Exercise description: No line before the one containing "Greens call for free passage of aid flotilla" is to be output; retype exactly that line and all lines that follow it to the end of the records.

Given entries:
-.-.-

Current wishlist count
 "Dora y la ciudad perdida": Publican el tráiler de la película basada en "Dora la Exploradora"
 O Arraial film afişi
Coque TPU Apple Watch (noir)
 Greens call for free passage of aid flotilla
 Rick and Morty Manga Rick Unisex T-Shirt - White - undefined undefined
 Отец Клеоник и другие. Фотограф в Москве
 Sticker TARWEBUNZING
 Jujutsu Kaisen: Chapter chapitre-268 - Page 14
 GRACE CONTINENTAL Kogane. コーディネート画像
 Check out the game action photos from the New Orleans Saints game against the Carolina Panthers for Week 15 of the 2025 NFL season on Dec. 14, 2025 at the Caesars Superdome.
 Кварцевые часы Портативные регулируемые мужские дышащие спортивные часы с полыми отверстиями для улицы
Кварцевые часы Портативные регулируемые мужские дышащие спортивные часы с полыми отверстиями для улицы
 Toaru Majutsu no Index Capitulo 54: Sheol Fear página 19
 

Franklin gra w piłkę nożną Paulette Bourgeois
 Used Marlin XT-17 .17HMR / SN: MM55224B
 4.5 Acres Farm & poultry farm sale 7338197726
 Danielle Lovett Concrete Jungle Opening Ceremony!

-.-.-

Response to this exercise:
 Greens call for free passage of aid flotilla
 Rick and Morty Manga Rick Unisex T-Shirt - White - undefined undefined
 Отец Клеоник и другие. Фотограф в Москве
 Sticker TARWEBUNZING
 Jujutsu Kaisen: Chapter chapitre-268 - Page 14
 GRACE CONTINENTAL Kogane. コーディネート画像
 Check out the game action photos from the New Orleans Saints game against the Carolina Panthers for Week 15 of the 2025 NFL season on Dec. 14, 2025 at the Caesars Superdome.
 Кварцевые часы Портативные регулируемые мужские дышащие спортивные часы с полыми отверстиями для улицы
Кварцевые часы Портативные регулируемые мужские дышащие спортивные часы с полыми отверстиями для улицы
 Toaru Majutsu no Index Capitulo 54: Sheol Fear página 19
 

Franklin gra w piłkę nożną Paulette Bourgeois
 Used Marlin XT-17 .17HMR / SN: MM55224B
 4.5 Acres Farm & poultry farm sale 7338197726
 Danielle Lovett Concrete Jungle Opening Ceremony!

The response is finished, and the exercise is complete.